VESÎLETÜ ’N-NECÂT; YAYILIŞI VE ETKİLERİ
Klâsik Türk
Edebiyatımızda “siyer-i nebi” olarak bilinen Hz. Peygamberin hayatını
konu edinen birçok edebi türler bulunmaktadır. Mevlid de, bu edebi türler
arasında önemli bir yere sahiptir. Mevlid, Hz. Muhammed sevgisinin insanlık
âleminde muhteşem bir şekilde açığa çıkışının bir törenidir. Mevlid, bizi ilk
yaratılışa götüren bir siyer kitabıdır. Anadolu'da meydana gelen ve halk arasında
rağbet görmüş dinî içerikli edebiyat, XV. asırda büyük bir gelişme göstererek,
kıymetli eserler vermiştir.
Hz. Peygamber’in
hayatını manzum olarak kaleme alan Süleyman Çelebi (ö.1422) Mevlid Kitabı’nı, Ulu Cami imamlığı sırasında
vuku bulan bir olaya çok üzüldüğü için yazmıştır. Süleyman Çelebi’nin mevlidini
kaleme almasıyla ilgili yaygın rivayet şöyledir: Onun Ulucami’de imamlık
yaptığı yıllarda bir vaiz Bakara suresinin 285. ayetini açıklarken peygamberler
arasında bir fark bulunmadığını, bu sebeple Hz. Muhammed’in Hz. İsa’dan ve
diğer peygamberlerden üstün olmadığını söyleyince cemaatten bazıları vaize
karşı çıkmış, tartışmalar büyümüş, bu arada Süleyman Çelebi, “Ölmeyip Îsâ
göğe bulduğu yol / Ümmetinden olmak için idi ol” beytini söylemiş, halkın
çok beğendiği bu beyti, daha sonra büyük bir aşkla Hz. Peygamber’in sevgisini
terennüm edecek ve onun hayatının bazı bölümlerini içine alacak şekilde
geliştirerek eserini tamamlamıştır. (Necla Pekolcay, 2004) Âlî’nin anlattığına
göre Süleyman Çelebi, eserini Hz. Peygamber’in kendisinden öncekilerden “efdal”

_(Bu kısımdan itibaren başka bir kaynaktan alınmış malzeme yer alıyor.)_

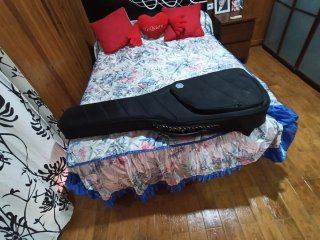 Bajo Marcus Miller V7 Blanco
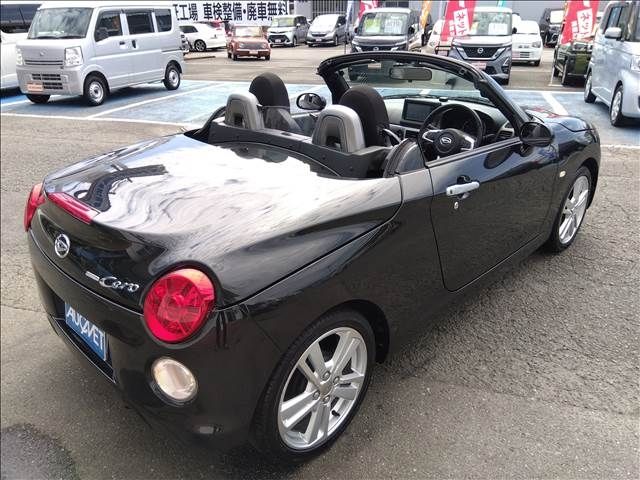 Daihatsu COPEN 2021-03 20668-19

olduğunu ispat etmek maksadıyla yazmıştır. Mevlid türünün en güzel örneklerinden
biridir. Birçok Batı ve Doğu diline de çevrilen ve Müslümanların birtakım özel
merasimlerinde güzel sesli şahıslar tarafından icra edilen eserin orijinal adı Vesîletü ’n-Necât ’tır. (AKDAĞ, Soner,
2008)
Süleyman Çelebi
Mevlid’ini Anadolu’nun siyasî birlik ve bütünlükten yoksun olduğu bir dönemde
kaleme almıştır. Süleyman Çelebi’nin yaşadığı dönem; Yıldırım dönemine kadar
ortaya çıkan olumlu gelişmelerin yanında olumsuz gelişmelerin de yaşandığı
hareketli bir dönemdir. (YEDİYILDIZ, 2007)
Edebi bir metnin
olan mevlid, ve mevlid cemiyetleri kaynağını Hz. Muhammed (SAV)’e duyulan
mahşeri muhabbetten almıştır. Bu metin, metne hayat veren müellifin tarihi
şahsiyetinin eseridir. Süleyman Çelebi’nin dini ilimlere ve tasavvufa
vukûfiyeti aşikârdır. Mevlid’in ilk beytinden itibaren bu kültürün etkisi görülmektedir.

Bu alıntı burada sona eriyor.